There’s a market as big as India’s right here in the United States and it remains largely untapped and severely undervalued. That market has $1 trillion dollars of raw purchasing power right now and it is projected to grow to $1.5 trillion by 2015. This market has been forgotten, underserved and undervalued for decades. The dismissal has a few pillars that are more folk tale than hard science. So rather than emotional rebuttal of folk tales, I want of offer my point of view as a market observer and entrepreneur living in the Silicon Valley.


A sobering data point is that 1 in 6 Americans identified themselves as Latino/a.  Latino purchasing power is about 9.6% of the total in the US and is growing at an astonishing rate. By 2015 it is projected that the purchasing power of Latinos would be $1.5 trillion. Please, don’t take my word for it, check out the Forbes article, The Next Media Jackpot: The Fight For The $1 Trillion Hispanic Market and draw your own conclusions and consider what Alex Ruelas, cofounder of the Austin-based ­marketing agency LatinWorks says: “The Hispanic ­market is no longer being viewed as a niche, minority market for a lot of companies. It’s becoming a fairly major part of the mainstream, and it’s helping to reshape the overall ­universe of consumers in a way that’s a bit surprising to people.”

Consider this, “Hispanics lead the Recovery by Occupying Walmart, not Wall Street. Research indicates that online consumers, and Hispanics in particular, are influenced by value-added impressions that target them specifically. We need only look at Amazon to see how successful this approach has been with the general population. It is a model that other retailers can follow as they extend their online efforts to target and serve the Hispanic market. As the fastest adopters of new technology, Hispanic consumers provide myriad opportunities to reach them online, via mobile devices, and through social media.” –– Glenn Llopis.

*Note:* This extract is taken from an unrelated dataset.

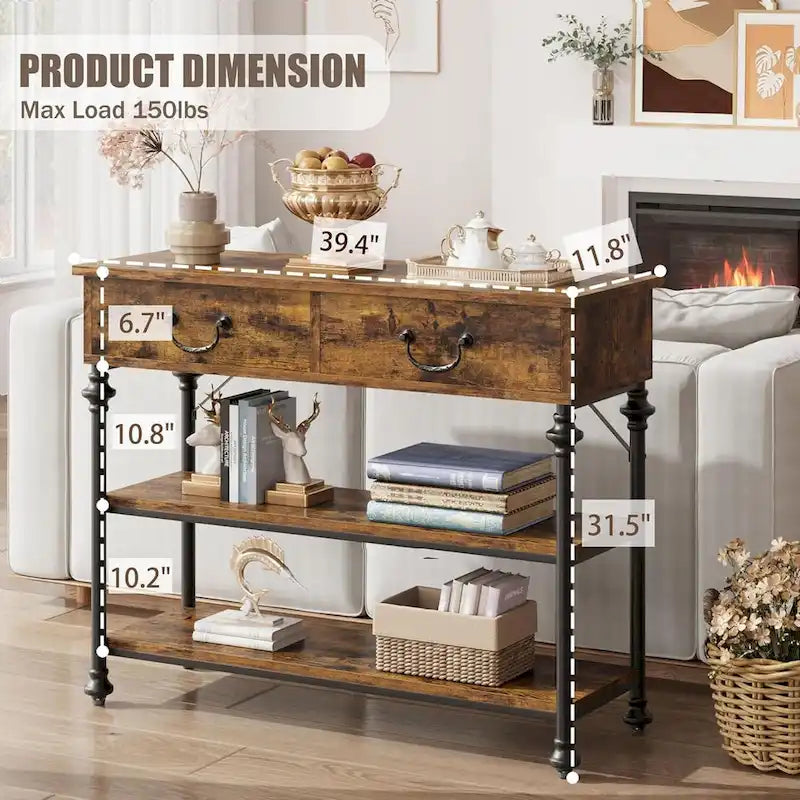 Tables consoles avec 2 tiroirs, étagères de rangement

Why Are Big Brands Confused?

The categorization of a diverse demographic into a single low value profile is widely accepted as industry standard. This diminishes the value of a consumer. It must be noted that it is partly a self-inflicted wound. Not making it a priority and hoping that large brands would simply notice is not working and will most likely not work. We need to simplify the message and make it appealing to big brands and industry verticals like entertainment or fashion.

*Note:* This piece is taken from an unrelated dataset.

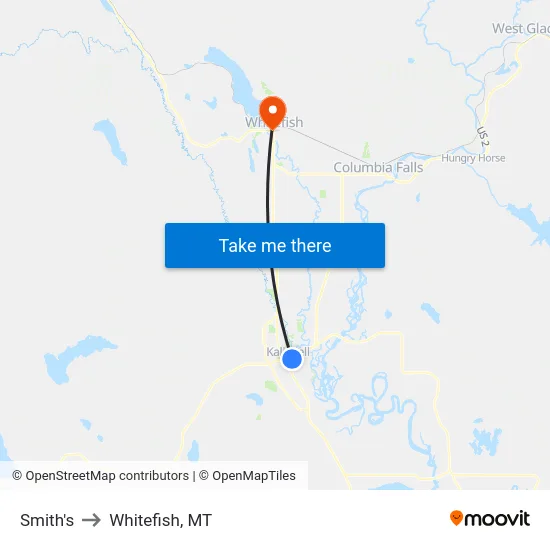 Smith's to Whitefish, MT map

In a recent article about the success of the Yahoo! US Hispanic, Javier Garcia defines the diversity of these audience as an asset that needs to be understood and that needs to be addressed by a multi-channel and bilingual marketing strategy.

When you compare the U.S. Hispanic market versus the U.S. general market, Hispanics tend to embrace and consume more, so they’re generally over index in a lot of things. They also behave a lot like the general market, but in general terms we see a more engaged type of audience. For example, Hispanics may be enjoying “American Idol,” but they also may be going to Yahoo! Colombia or Yahoo! Argentina for the latest news. So it’s like this mix that you really need to know how to program towards. […] The U.S. Hispanic market has the mix so it’s trickier. You need to come up with content that resonates with them, calls their attention. The trick is how do you find that angle on the particular event that reaches everyone. If we cover baseball, maybe one of the pieces that we write we focus it on a Latino player and not necessarily on the team.

The US Latino Market Needs A Better Elevator Pitch

Many times when pitching Interesante.com to potential investors, I actually need to do a pitch about the value of the US Latino Market. My pitch often focuses on things that reflect the astounding success of the Latino community coming together rather than focusing on acculturation. We are driving trends not being absorbed by a culture. We are shaping it.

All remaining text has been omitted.